## Data listing

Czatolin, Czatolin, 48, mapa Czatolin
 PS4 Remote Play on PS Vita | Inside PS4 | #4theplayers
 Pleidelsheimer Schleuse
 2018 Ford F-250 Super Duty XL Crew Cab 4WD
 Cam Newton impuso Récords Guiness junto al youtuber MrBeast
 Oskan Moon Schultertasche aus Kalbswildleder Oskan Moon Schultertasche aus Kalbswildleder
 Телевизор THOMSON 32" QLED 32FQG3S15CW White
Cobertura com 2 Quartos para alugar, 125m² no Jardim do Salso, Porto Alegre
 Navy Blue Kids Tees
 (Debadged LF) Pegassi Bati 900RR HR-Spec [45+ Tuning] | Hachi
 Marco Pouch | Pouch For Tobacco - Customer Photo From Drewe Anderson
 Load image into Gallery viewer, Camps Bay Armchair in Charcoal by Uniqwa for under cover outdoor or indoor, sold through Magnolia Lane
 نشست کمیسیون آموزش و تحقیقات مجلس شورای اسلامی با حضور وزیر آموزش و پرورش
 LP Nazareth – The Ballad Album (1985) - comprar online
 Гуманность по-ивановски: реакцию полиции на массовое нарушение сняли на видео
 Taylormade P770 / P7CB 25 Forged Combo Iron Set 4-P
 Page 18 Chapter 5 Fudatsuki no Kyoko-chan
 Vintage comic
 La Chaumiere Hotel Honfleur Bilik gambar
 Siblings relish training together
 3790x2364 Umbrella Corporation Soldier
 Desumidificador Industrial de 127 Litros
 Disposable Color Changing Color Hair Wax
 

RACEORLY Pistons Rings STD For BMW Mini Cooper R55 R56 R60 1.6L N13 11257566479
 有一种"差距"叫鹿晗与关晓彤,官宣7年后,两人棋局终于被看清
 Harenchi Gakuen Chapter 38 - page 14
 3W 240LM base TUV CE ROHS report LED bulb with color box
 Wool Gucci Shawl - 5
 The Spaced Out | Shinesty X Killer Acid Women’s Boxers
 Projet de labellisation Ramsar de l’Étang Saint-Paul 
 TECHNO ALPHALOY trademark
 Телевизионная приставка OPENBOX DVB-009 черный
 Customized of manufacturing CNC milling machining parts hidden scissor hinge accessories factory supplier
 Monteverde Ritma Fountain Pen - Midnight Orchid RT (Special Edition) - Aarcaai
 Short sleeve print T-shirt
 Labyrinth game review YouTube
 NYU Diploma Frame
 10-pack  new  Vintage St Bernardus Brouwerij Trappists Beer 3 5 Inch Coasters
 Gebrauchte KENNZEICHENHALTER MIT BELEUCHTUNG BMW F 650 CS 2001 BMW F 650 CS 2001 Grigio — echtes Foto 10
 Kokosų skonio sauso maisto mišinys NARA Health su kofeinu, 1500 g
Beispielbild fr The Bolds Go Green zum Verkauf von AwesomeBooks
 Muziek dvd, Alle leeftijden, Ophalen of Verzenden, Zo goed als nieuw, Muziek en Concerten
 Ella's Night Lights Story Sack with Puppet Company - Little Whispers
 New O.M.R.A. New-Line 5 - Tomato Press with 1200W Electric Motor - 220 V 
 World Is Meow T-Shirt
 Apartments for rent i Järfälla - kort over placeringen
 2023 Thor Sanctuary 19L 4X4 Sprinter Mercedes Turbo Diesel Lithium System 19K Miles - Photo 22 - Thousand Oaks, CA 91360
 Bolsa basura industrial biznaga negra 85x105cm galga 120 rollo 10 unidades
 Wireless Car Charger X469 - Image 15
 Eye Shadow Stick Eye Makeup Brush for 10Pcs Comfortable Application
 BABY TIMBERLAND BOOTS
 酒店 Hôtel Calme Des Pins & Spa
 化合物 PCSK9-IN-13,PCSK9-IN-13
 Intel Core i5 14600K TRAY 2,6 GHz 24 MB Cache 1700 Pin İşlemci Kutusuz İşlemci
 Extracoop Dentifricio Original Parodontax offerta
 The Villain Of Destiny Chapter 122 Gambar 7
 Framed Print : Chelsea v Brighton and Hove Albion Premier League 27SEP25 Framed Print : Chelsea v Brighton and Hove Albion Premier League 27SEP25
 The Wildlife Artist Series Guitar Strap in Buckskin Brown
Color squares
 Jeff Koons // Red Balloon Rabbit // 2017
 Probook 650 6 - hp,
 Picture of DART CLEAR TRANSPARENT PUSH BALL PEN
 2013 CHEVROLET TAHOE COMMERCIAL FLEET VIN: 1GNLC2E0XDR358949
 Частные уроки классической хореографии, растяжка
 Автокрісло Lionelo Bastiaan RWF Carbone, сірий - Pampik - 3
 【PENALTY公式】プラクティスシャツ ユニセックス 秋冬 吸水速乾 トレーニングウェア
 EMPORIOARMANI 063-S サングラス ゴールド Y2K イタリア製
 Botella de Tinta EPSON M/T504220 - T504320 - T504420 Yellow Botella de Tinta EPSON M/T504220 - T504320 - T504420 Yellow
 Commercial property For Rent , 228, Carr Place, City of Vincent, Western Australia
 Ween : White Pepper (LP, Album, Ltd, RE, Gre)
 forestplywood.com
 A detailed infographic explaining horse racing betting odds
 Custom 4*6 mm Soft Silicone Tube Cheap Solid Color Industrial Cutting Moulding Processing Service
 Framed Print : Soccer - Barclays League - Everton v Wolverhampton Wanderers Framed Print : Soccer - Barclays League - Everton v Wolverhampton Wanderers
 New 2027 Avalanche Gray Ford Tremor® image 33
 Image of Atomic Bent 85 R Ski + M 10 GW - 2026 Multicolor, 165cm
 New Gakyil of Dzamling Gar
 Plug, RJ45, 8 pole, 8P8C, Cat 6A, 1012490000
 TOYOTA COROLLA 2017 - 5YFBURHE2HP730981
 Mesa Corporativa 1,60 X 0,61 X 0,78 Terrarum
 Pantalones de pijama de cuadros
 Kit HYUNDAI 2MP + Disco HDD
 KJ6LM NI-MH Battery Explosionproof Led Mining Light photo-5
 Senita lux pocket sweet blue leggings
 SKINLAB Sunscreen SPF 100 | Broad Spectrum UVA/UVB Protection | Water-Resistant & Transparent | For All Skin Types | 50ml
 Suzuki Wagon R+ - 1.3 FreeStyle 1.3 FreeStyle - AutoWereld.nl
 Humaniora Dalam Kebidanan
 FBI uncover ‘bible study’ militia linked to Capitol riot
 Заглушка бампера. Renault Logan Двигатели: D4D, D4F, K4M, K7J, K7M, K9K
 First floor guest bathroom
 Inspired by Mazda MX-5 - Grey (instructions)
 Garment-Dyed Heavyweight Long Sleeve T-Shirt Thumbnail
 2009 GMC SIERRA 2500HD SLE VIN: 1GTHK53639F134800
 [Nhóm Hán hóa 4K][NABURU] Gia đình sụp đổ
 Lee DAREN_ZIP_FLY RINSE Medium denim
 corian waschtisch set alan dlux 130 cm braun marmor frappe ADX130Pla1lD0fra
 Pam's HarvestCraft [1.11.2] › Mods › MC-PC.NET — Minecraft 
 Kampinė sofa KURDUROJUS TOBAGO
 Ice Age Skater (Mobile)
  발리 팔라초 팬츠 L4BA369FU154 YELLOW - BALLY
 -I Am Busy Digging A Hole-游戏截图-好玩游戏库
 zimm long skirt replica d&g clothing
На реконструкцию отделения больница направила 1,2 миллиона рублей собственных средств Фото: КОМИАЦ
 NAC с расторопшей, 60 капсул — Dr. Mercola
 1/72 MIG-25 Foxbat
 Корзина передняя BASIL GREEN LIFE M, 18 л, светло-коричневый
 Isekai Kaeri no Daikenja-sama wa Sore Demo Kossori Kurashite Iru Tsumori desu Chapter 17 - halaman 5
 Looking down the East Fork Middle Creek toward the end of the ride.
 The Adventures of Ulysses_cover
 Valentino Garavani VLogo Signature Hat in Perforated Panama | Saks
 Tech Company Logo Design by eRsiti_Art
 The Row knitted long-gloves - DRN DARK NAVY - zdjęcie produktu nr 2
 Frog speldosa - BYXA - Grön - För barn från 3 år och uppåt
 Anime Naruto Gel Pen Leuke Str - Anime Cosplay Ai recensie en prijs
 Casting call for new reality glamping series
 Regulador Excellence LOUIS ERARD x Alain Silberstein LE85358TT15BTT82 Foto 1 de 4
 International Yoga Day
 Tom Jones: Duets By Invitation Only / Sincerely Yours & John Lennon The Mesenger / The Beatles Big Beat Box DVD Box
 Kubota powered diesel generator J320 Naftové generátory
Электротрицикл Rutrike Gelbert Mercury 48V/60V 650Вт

## About this exercise
Return the entries exactly through the "Oskan Moon Schultertasche aus Kalbswildleder Oskan" line.

## The completed task
Czatolin, Czatolin, 48, mapa Czatolin
 PS4 Remote Play on PS Vita | Inside PS4 | #4theplayers
 Pleidelsheimer Schleuse
 2018 Ford F-250 Super Duty XL Crew Cab 4WD
 Cam Newton impuso Récords Guiness junto al youtuber MrBeast
 Oskan Moon Schultertasche aus Kalbswildleder Oskan Moon Schultertasche aus Kalbswildleder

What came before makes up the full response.